● **Activity**
Every picture should be left out, but the lines below must be repeated exactly.

Brief descriptive captions:
──────────

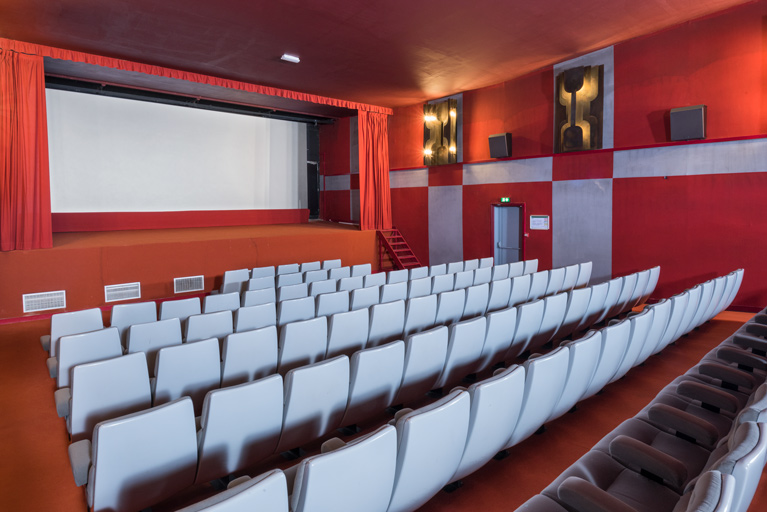 Salle 1 : la scène vue de la salle, de trois quarts gauche.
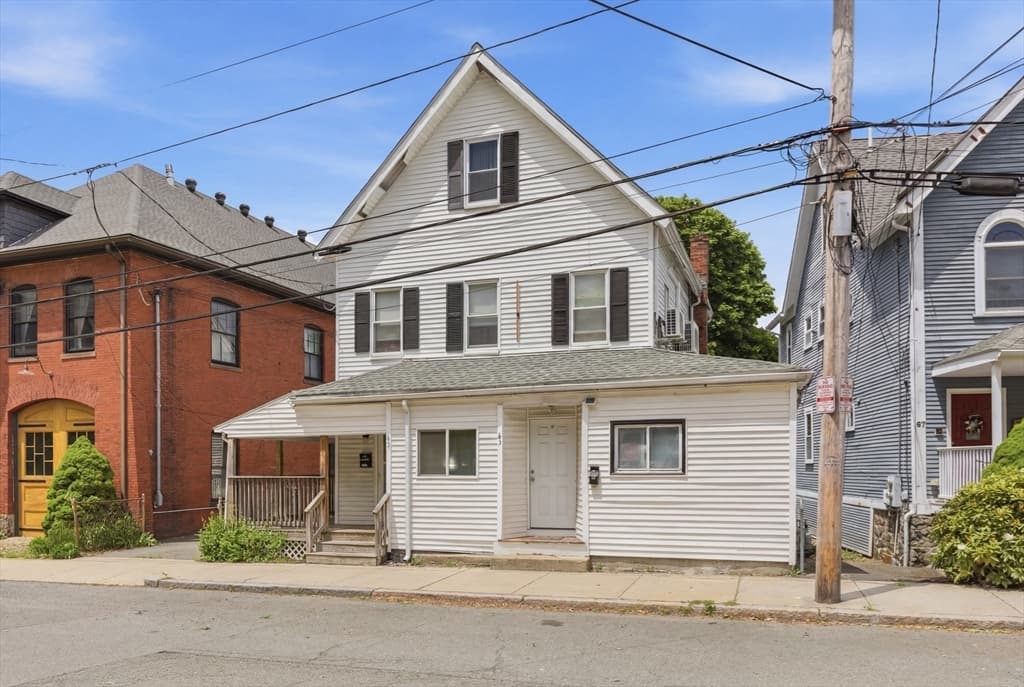63-65 Ashland St, Malden MA 02148 photo 3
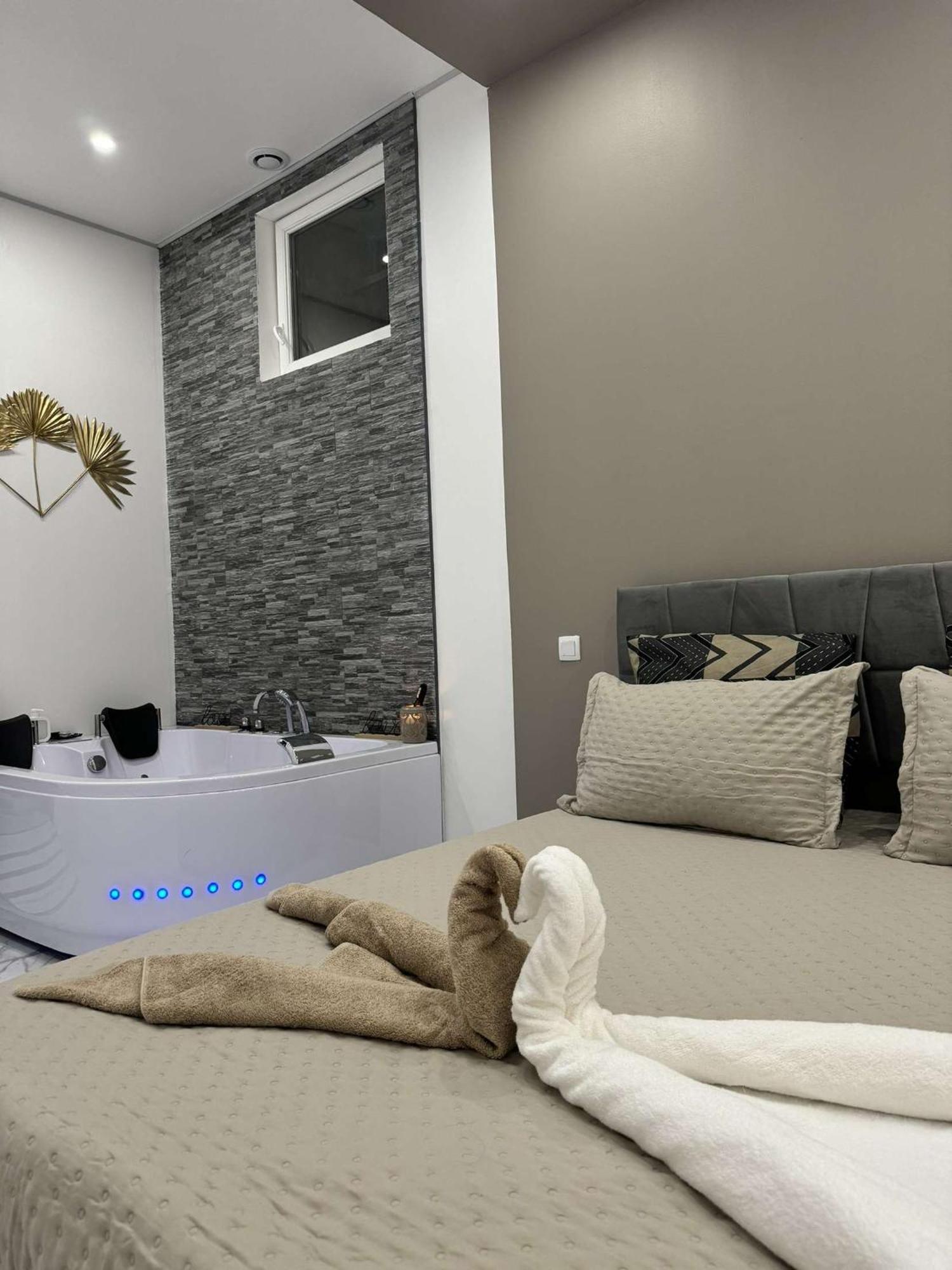 Suite Gold By L Amaryllis I Jacuzzi & Sauna Prive I Centre Beziers Arrivee Autonome Kültér fotó
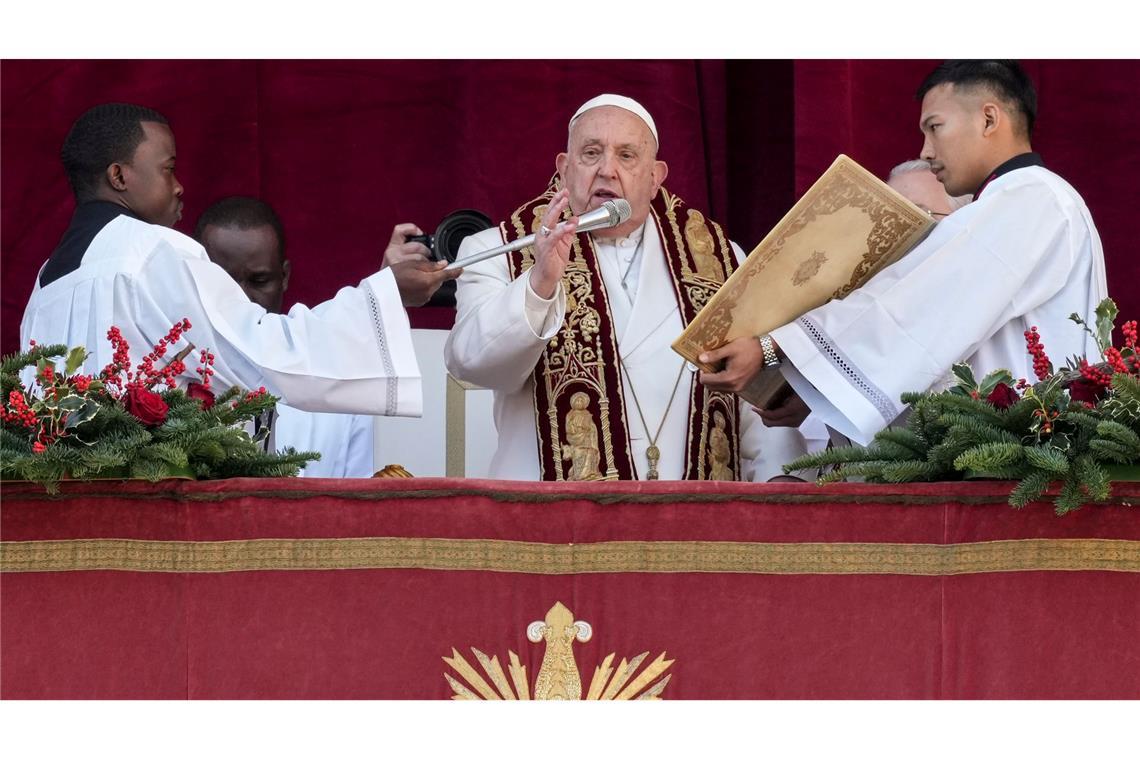 "Waffen sollen schweigen" - Papst mahnt zu Frieden Der Papst spendete den Segen "Urbi et Orbi", also der Stadt und dem Erdkreis.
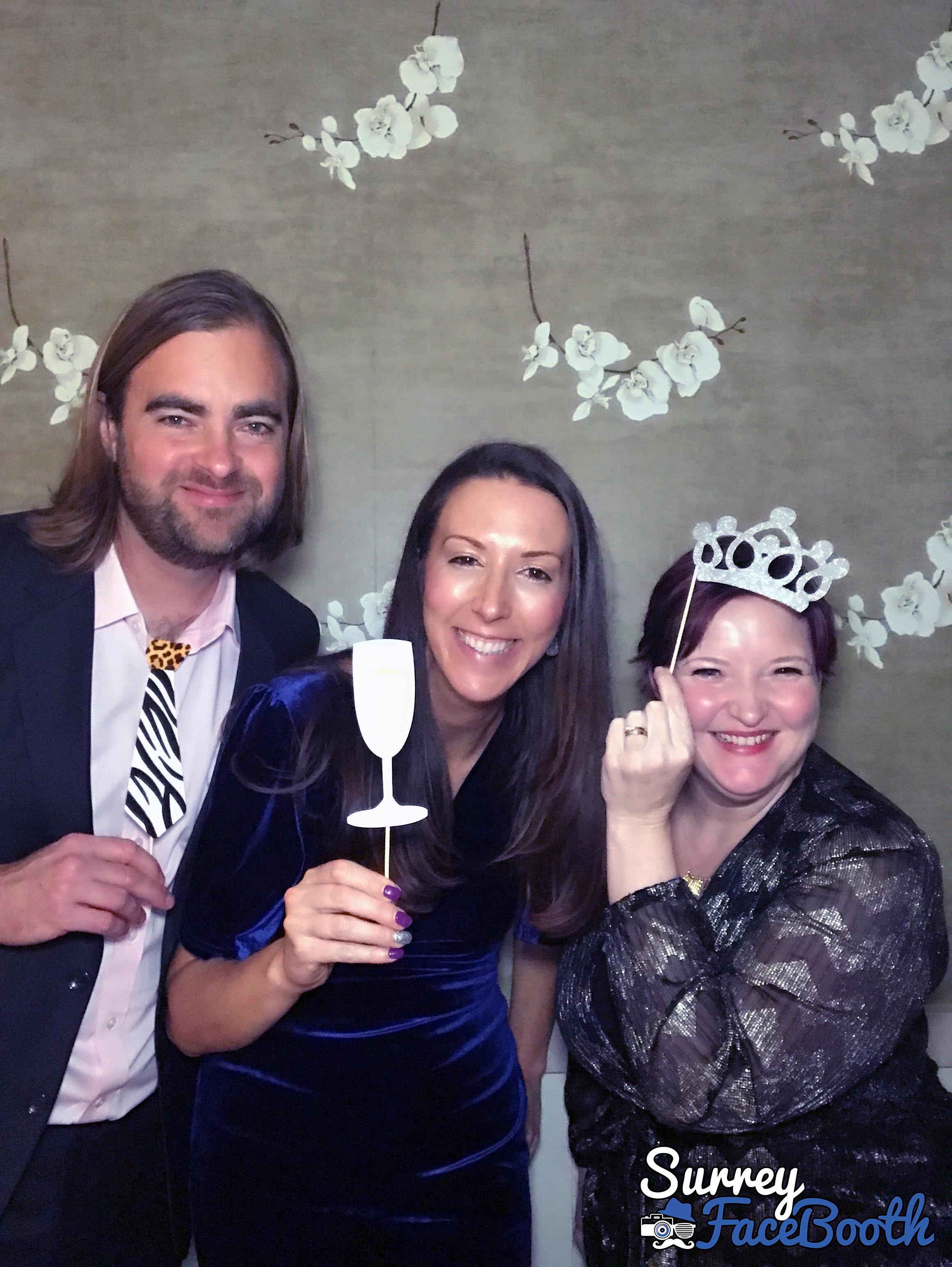  Daniel & Vicky's Wedding | View more photos from the event at galleries.surreyfacebooth.co.uk/u/Surrey-FaceBooth/Daniel-Vickys-Wedding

──────────

● **Result**
 Salle 1 : la scène vue de la salle, de trois quarts gauche.
63-65 Ashland St, Malden MA 02148 photo 3
 Suite Gold By L Amaryllis I Jacuzzi & Sauna Prive I Centre Beziers Arrivee Autonome Kültér fotó
 "Waffen sollen schweigen" - Papst mahnt zu Frieden Der Papst spendete den Segen "Urbi et Orbi", also der Stadt und dem Erdkreis.
  Daniel & Vicky's Wedding | View more photos from the event at galleries.surreyfacebooth.co.uk/u/Surrey-FaceBooth/Daniel-Vickys-Wedding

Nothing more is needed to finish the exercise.